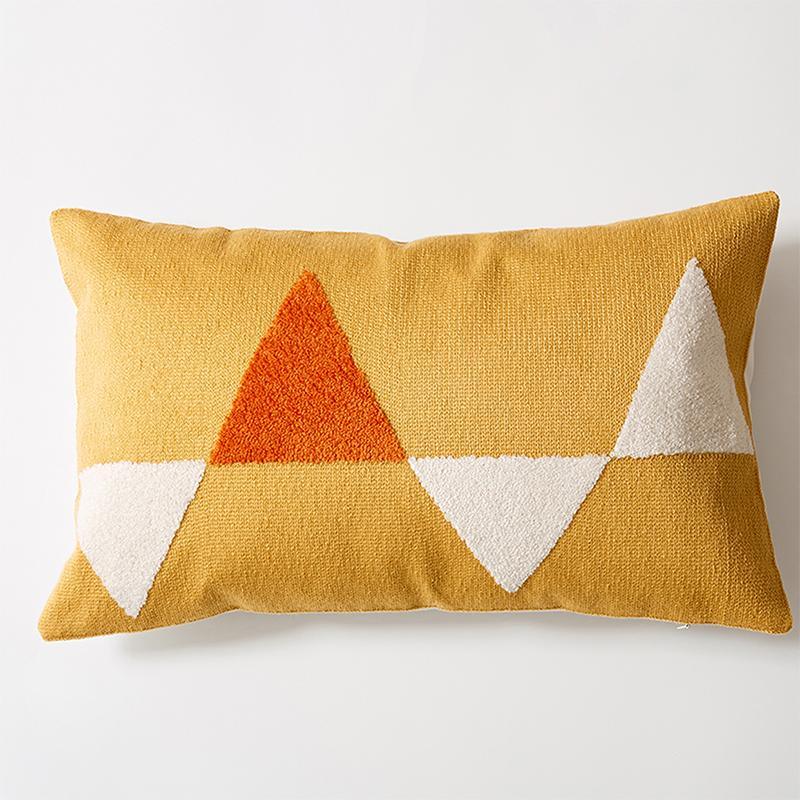 PA423 Cushions, More Patterns Available | Weilai Concept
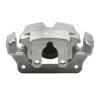 2007-2013 BMW X5 OE Replacement Front Left Brake Caliper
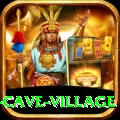 chhoser cave village Apps (Tools & Injectors) VIP v2.6.7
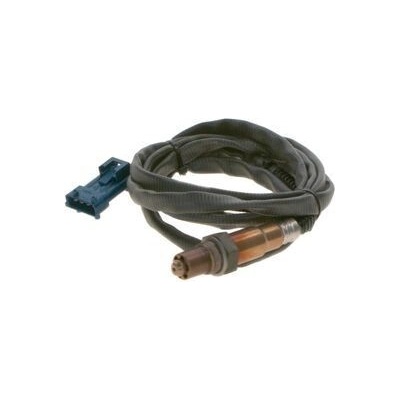Lambda sonda BOSCH 0 258 006 431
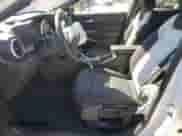 2025 Chevrolet Trax 1RS с VIN KL77LGEP4SC338570, выставлен на аукционе Copart как лот 81931245 с пробегом 3 450 миль миль и Списание • Salvage title. История ставок и продаж доступна на DreamBid. Изображение 7.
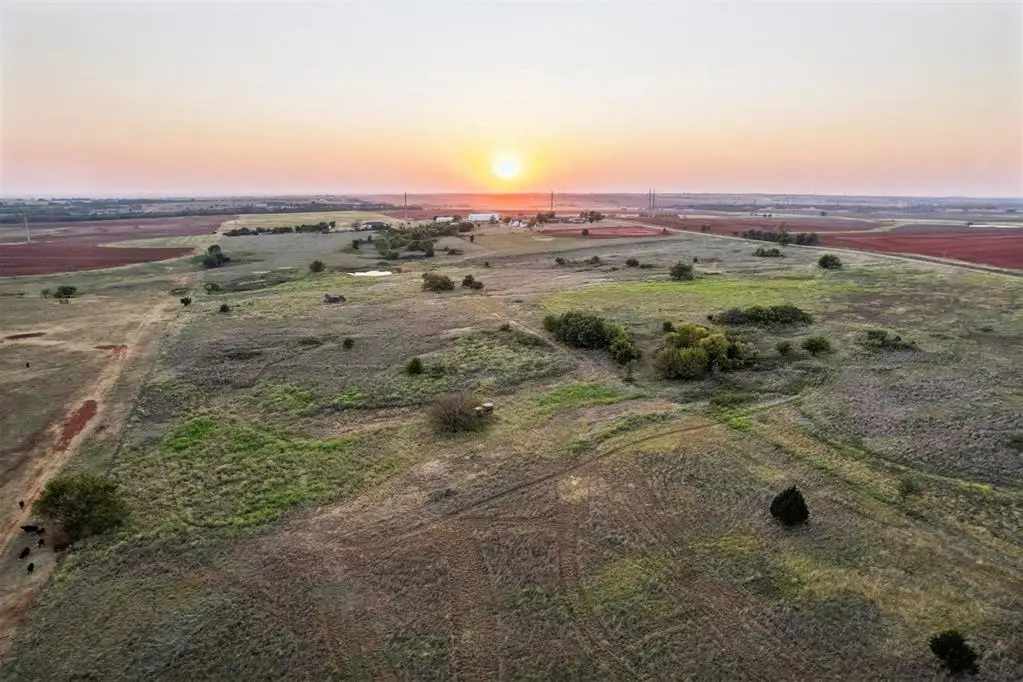 3252 NW Edmond Road, Piedmont, OK 73078 - #1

[WHAT TO WORK ON] Could you repeat exactly the lines from the one containing "chhoser cave village" to the last line of the records, both included, and leave out every picture?

[WRITTEN RESPONSE]
 chhoser cave village Apps (Tools & Injectors) VIP v2.6.7
Lambda sonda BOSCH 0 258 006 431
 2025 Chevrolet Trax 1RS с VIN KL77LGEP4SC338570, выставлен на аукционе Copart как лот 81931245 с пробегом 3 450 миль миль и Списание • Salvage title. История ставок и продаж доступна на DreamBid. Изображение 7.
 3252 NW Edmond Road, Piedmont, OK 73078 - #1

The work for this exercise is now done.